Vicente Molina Foix
Krzysztof Warlikowski, el director de escena de ‘L´incoronazione di Poppea’ que se ha visto (entre entusiasmos y protestas del público) en el Teatro Real de Madrid, introduce su excelente montaje de la obra de Monteverdi con un prólogo situado en una universidad americana. El decorado moderno de una sala de estudio resulta, a lo largo de la representación, muy elocuente para reflejar la inmensidad del palacio imperial, el secreto de las estancias privadas y el peligro de una Roma dominada por la conspiración y el deseo. El trabajo de Warlikowski, de quien recuerdo con entusiasmo su puesta en escena ‘davidlynchiana’ del ‘Rey Roger’ en el mismo Real hace poco más de un año, siempre interesa y sorprende, aunque en este caso el prólogo en sí, una lección magistral del filósofo Séneca a sus alumnos, resulte tal vez un poco alargada.
La ópera de Monteverdi, una de las obras fundamentales de la historia de la música vocal, ha tenido muchos y distinguidos intérpretes, palabra que en este caso adquiere connotaciones muy especiales: de la partitura original se conserva la línea melódica pero no la orquestación, por lo que los directores que la han grabado (y ahí están los nombres de Harnoncourt, Karajan, Leppard, René Jacobs y Eliot Gardiner, entre otros) han tenido en cada ocasión que reinventar los instrumentos que acompañan el canto. En esta nueva versión, rebautizada ‘Poppea e Nerone’, el director de orquesta Sylvain Cambreling ha trabajado con el compositor belga Phillipe Boesmans, quien ha elaborado con una fidelidad llena de libertades un nuevo tratamiento de la música ‘monteverdiana’, usando instrumentos como el armonio, el piano, el saxofón, y dándole mucha importancia a la percusión y al sintetizador. El resultado suena a nuevo pero nunca cae en el desplante ni en el ‘pastiche’.
En una entrevista incluida en el programa de la función, Cambreling dice algo muy singular sobre el director de escena Warlikowski: "En su trabajo, por ejemplo, no tiene la menor dificultad en apreciar a los monstruos". Es un buen principio cuando se trata, como en este caso, de plasmar escénicamente una galería de personajes que actúan siempre al borde del paroxismo, movidos frenéticamente por sus pasiones -carnales y políticas- y decididos a vivir los extremos sin atender al peligro ni a las conveniencias.

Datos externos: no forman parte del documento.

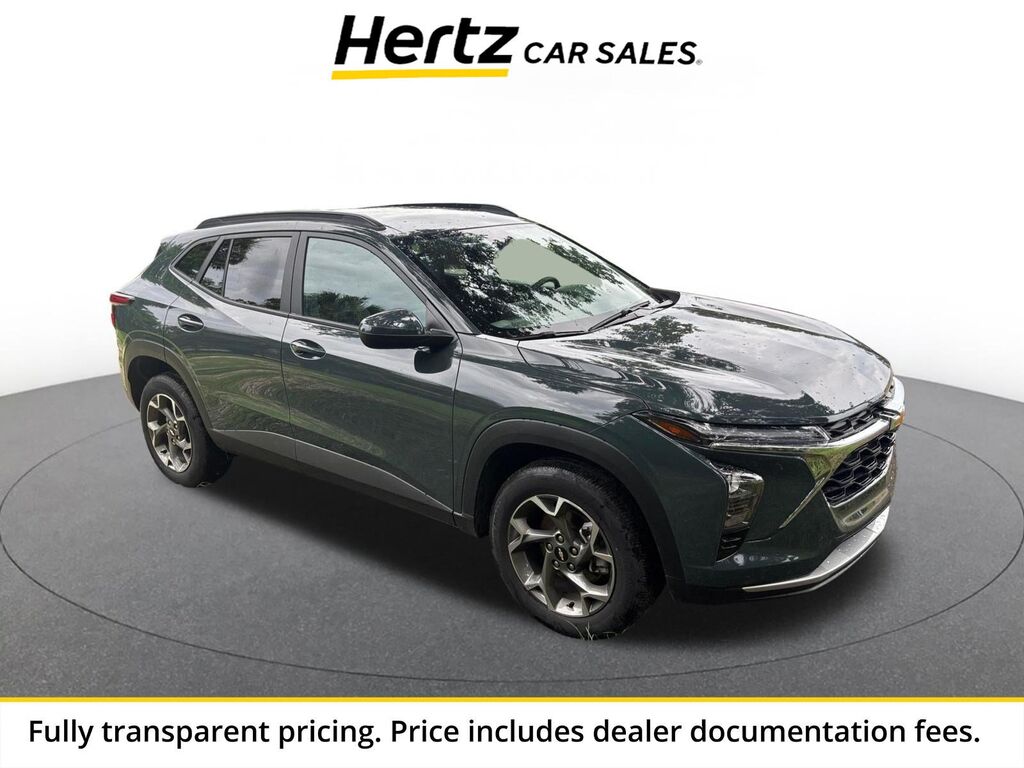 2025 Chevrolet Trax LT — photo 1 of 13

El diseño de los personajes (Séneca, Lucano, la nodriza Arnalta, aparte, naturalmente, de los más centrales Nerón y Popea) es nítido y osado, en una doble tarea de significación musical y dramática en la que se agradece el buen entendimiento, por no decir la complicidad, de los músicos Boesmans y Cambreling, que dirige a la estupenda agrupación contemporánea del Klangforum de Viena, y los dramaturgos, Christian Longchamp y Jonathan Littell, el premiado novelista franco-americano autor de ‘Las Benévolas’, cuyos efectismos literarios aquí por fortuna no chirrían como en aquel libro.

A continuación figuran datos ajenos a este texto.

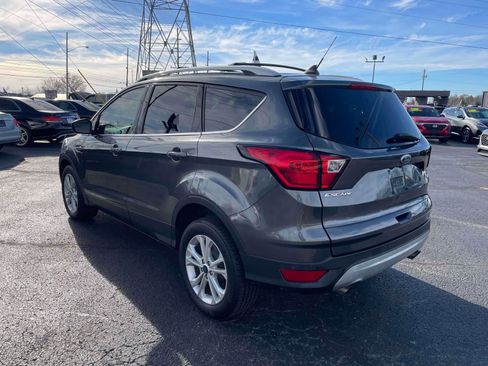 Used 2019 Ford Escape SE image 3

Claudio Monteverdi y su extraordinario libretista Francesco Busenello apropiadamente dominan, como un ‘deus ex machina’, todo lo que sucede en el escenario del Real. Ellos dos crearon, en la que sería obra final del compositor de Cremona, la galería de monstruos enamorados, y la posteridad, que no se cansa de revisitarlos, nos los devuelve vistiéndolos cada vez con un ropaje revelador de la calidad sublime de este drama con música que dio fundamento a la ópera futura.